A standard interface for numeric pull oracles.

Abstract

Smart contracts on Ethereum require the use of oracles (external reporters) for acquiring knowledge of any piece of data that does not belong to the Ethereum state.
A standard interface for oracles is described here, allowing different oracle implementations to be interchangeable from the point of view of the consumer, and lead to increased security and freedom of choice.

Motivation

As the value held by smart contracts that rely on off-chain data keeps growing, the security of oracles systems and the ability of these to be interchangeable and combined together will become paramount. Due to the modular nature of decentralized finance protocols, attacks on oracle mechanisms do not only pose a substantive risk of financial loss for their users, but also a systemic risk for the entire Ethereum ecosystem.

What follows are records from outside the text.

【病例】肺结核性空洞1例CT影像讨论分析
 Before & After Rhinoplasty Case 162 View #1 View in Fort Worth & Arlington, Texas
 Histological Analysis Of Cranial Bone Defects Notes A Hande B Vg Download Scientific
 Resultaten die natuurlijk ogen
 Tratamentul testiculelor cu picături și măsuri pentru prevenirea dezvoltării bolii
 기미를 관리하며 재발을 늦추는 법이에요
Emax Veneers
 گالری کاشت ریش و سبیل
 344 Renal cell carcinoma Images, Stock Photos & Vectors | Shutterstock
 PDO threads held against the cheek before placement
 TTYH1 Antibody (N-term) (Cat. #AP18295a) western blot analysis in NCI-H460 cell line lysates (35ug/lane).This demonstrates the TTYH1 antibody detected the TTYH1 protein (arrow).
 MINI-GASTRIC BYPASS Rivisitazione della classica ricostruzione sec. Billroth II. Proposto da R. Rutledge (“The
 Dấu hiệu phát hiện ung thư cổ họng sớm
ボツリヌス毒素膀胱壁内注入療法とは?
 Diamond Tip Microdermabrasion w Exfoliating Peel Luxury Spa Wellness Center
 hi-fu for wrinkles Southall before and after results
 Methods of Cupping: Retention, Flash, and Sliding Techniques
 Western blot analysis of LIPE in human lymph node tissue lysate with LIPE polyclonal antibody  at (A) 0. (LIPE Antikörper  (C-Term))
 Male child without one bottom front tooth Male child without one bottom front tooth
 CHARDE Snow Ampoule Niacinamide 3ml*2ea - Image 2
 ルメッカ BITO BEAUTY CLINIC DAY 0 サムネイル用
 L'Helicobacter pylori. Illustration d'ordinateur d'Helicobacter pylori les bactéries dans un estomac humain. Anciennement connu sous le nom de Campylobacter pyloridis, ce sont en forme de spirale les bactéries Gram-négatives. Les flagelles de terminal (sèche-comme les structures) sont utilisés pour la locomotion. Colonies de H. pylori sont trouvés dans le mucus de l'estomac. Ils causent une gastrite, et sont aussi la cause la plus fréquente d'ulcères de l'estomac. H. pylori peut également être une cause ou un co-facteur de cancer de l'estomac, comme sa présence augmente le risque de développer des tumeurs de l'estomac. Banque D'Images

The Ethereum ecosystem currently has a rich variety of oracle implementations available. Each different oracle solution has its own distinctive features and trade-offs, specially when it comes to their security and economic models, their degree of decentralization, and even their intended use cases. Due to this diversity in approaches, the programming interfaces that these oracles offer are mostly incompatible with each other.

This lack of standardization forces developers to be locked into a single oracles provider. The only way for them to escape from this "vendor lock-in" is to write specific adapters to each oracle system they may choose for a given project, which is obviously inconvenient and an unnecessary increment to the surface of attack of the consumer contracts.

The goal of this proposal is therefore to introduce a unified, bare-bones contract interface that enables smart contract developers to source a specific data point from different oracle systems in a uniform, plug-and-play manner.

This new proposal is a cooperation between current oracle systems and direct users of these. The specification below reflects this collaboration and addresses the main reasons why former standardization attempts were not successful.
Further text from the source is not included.